Supermarkets, 1976, Gouache; metallic, enamel, acrylic paints; felt-tip pen; collage on 9 sheets of paper on canvas Liebelt Collection, Hamburg |
Polke (1941—2010), German, had a wry, satirical streak. Early works include a painting of a cabinet indicated by one vertical line surrounded by two dots. He also recorded things in the news, such as a seemingly incomplete raster (benday dot) drawing of Lee Harvey Oswald—an incomplete, distorted portrait of an enigma—as well as banal objects, such as socks, sausages, biscuits, and shirts, which connect to Pop Art. His eye for pattern was expressed in dot paintings, as well as compositions using patterned or textured fabric as a canvas. 5 Dots (1964) depicts five blobs on a calico background; one of the green dots with a tail becomes a balloon, immediately conjuring a sentimental context amid a pleasing abstraction.

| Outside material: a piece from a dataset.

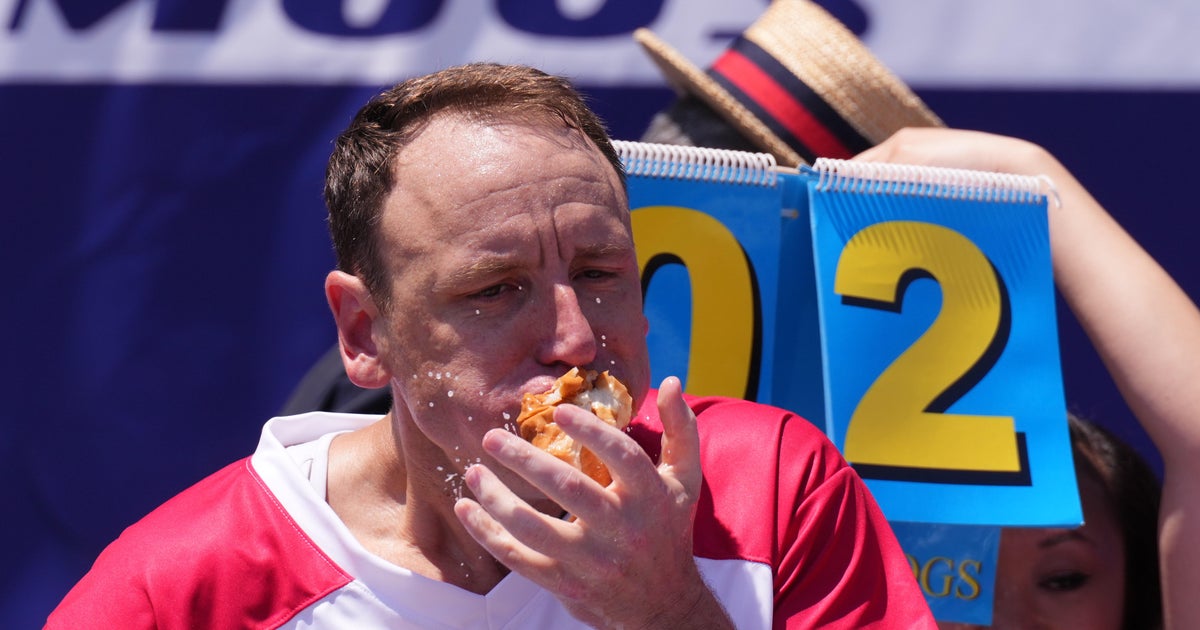 Joey Chestnut wins 2025 Nathan's Hot Dog Eating Contest in triumphant return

He absorbed influences, and no doubt emitted his own that were refracted in the work of others. His rasterized pieces summon Roy Lichtenstein; his dots, Damien Hirst. He cited Cezanne, Gilbert & George, and Malevich—hilariously, as in Higher Beings Commanded: Paint the Upper-Right Corner Black! (1969). His self-reflection materialized in studies of himself as an astronaut, a test-tube drug, and in a mock-serious diptych, glamorous lurex portraits of his palm's lines as read by a fortune teller. He connected to Fluxus with inventive elastic band rendering of a bunny; a folding-ruler composition; and in Carboardology (1968—69), an oddly riveting index of cardboard samples.
Raster Drawing (Portrait of Lee Harvey Oswald), 1963, poster paint & pencil on paper, 37 5/16 × 27 1/2″, Private Collection, Photo: Wolfgang Morell, Bonn |
Supermarkets (1976) is a prime example of his major paintings—a complex 2D layer cake of an army of Supermen clones painted atop a jammed supermarket aisle, supported by cartoon and graffiti-like characters. He would also sew several types of fabric together—canvas, sunglass-and-deck-chair-print, and pink quilting—to form a canvas, onto which he layered freighted imagery, as in Watchtower with Geese (1987).
Videos and sculptures mix in with the two-dimensional pieces. Sketchbooks and multiples show his concept and color experimentation. And his later work, such as The Young Acrobat (2000) shows a curiosity for producing intentional technical flubs—stretching or contorting an image—thereby subtly twisting the narrative context and subverting the predictable reliability of technology. The soaring atrium serves as the starting point for the 10-gallery installation; it's a fitting entree to the output of a vast imagination. On view through August 3.